Hospital Readmissions
PICOT Question: Parameters used for assessing the results for a group based on the problem that the CHF patients admitted to the facility within 30 days are not subjected to knowledge on the manner to accomplish their diagnosis, and the facility does not get compensated from the CMS.
Literature Review
Chen (2018) note that health facilities were bold subjects of research as pursed by many other scholars, and the main aim was to establish a methodology that would facilitate providers to understand the economic effect of hospital readmissions on the existing environment. Research studies assert that CMS, as well as hospital readmission, decrease initiatives castigate facilities to a significant extent as opposed to facilities anticipating to be reimbursed for additional readmissions. Notwithstanding, health organizations can develop sound financial performance while minimizing readmissions. The article under scrutiny impacts the significance of reducing hospice readmissions for CHF patients.

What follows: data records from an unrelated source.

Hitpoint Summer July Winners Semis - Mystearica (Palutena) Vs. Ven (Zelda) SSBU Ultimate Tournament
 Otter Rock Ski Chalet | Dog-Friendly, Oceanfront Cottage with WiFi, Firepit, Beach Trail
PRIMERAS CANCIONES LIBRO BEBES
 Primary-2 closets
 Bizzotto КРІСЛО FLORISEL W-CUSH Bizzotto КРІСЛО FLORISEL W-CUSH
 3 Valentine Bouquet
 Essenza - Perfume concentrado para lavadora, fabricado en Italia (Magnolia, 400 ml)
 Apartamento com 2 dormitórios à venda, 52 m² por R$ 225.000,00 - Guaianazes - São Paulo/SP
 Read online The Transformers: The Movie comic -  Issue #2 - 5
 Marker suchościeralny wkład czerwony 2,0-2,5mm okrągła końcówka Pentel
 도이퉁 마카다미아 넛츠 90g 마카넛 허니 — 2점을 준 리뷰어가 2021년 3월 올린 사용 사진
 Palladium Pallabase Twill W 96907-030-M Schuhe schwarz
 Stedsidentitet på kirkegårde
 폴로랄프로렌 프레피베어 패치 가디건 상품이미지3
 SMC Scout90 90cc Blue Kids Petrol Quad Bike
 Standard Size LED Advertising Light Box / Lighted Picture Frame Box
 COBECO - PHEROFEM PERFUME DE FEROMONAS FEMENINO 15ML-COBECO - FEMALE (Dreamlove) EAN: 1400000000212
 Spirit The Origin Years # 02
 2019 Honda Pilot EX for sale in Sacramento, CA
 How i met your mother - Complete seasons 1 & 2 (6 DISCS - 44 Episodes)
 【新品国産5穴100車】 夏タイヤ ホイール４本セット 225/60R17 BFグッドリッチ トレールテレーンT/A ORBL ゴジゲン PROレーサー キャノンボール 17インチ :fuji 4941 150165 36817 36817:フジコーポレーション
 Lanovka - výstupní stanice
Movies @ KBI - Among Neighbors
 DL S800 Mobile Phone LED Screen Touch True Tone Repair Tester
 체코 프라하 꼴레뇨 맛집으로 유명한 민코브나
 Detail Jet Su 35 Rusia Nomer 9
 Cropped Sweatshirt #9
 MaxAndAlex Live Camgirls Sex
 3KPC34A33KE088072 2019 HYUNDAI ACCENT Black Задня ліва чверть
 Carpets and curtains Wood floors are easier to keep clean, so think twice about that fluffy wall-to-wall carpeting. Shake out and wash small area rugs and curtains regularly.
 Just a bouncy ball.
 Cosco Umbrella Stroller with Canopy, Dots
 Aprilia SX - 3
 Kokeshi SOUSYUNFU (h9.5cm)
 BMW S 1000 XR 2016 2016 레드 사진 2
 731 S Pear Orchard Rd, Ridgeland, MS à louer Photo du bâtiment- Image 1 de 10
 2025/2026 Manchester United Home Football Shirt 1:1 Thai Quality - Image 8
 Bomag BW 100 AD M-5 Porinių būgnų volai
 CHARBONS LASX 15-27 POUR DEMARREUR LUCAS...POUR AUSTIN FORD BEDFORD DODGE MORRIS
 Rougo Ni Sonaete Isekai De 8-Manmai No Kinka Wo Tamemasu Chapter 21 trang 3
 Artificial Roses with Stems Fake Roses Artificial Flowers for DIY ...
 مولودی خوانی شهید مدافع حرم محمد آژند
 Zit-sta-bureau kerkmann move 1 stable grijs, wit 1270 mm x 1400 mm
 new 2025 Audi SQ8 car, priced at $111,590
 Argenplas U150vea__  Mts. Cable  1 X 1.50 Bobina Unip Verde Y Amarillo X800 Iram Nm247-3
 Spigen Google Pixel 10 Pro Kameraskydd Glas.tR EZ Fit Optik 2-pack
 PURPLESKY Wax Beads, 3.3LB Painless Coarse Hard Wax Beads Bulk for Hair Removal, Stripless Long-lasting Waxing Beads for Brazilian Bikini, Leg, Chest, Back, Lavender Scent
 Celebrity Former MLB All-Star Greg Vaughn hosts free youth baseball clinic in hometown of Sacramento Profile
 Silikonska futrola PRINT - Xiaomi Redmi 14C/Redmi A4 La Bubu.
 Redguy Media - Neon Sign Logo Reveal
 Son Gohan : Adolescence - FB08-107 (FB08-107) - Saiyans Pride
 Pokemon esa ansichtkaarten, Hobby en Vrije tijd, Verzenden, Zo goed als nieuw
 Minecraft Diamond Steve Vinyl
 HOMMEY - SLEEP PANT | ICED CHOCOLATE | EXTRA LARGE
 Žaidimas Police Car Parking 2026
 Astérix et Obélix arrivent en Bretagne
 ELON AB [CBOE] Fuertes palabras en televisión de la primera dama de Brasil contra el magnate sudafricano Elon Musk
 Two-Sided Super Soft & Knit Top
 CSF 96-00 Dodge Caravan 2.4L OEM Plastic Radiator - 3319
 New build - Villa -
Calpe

Switch from hospital-based care to home-based care is a susceptible session of the gap and has the latent fir adverse events. Numerous healthcare providers should desist from considering discharge as a termination to their obligation to patients, but they should try to advance an effective and innocuous alteration of care (Polit & Beck, 2008). The above resource attempt to demonstrate the imperative of providers’ role in sealing the gap that exists between outpatient care and inpatient care via ideal discharge planning as well as effective communication with patients, outpatient physicians, and family members.
It is worth noting that hospital readmissions tend to occur as a consequence of communication breakdown, ineffective coordination of services, incomplete discharge course, incomplete intervention, and insufficient access to care (Chen, 2018). Other research sources reveal that nurses are incapable of accomplishing fundamental nursing care because of the different staff sequences, workload, patient acuities, which result in erroneous nursing care hence significantly affecting the quality of care and patient safety.
References
Chen, C. M. (2018). Reducing Hospital Readmissions: IDEAL Discharge Planning for Heart Failure Management.
Polit, D. F., & Beck, C. T. (2008). Nursing research: Generating and assessing evidence for nursing practice. Lippincott Williams & Wilkins.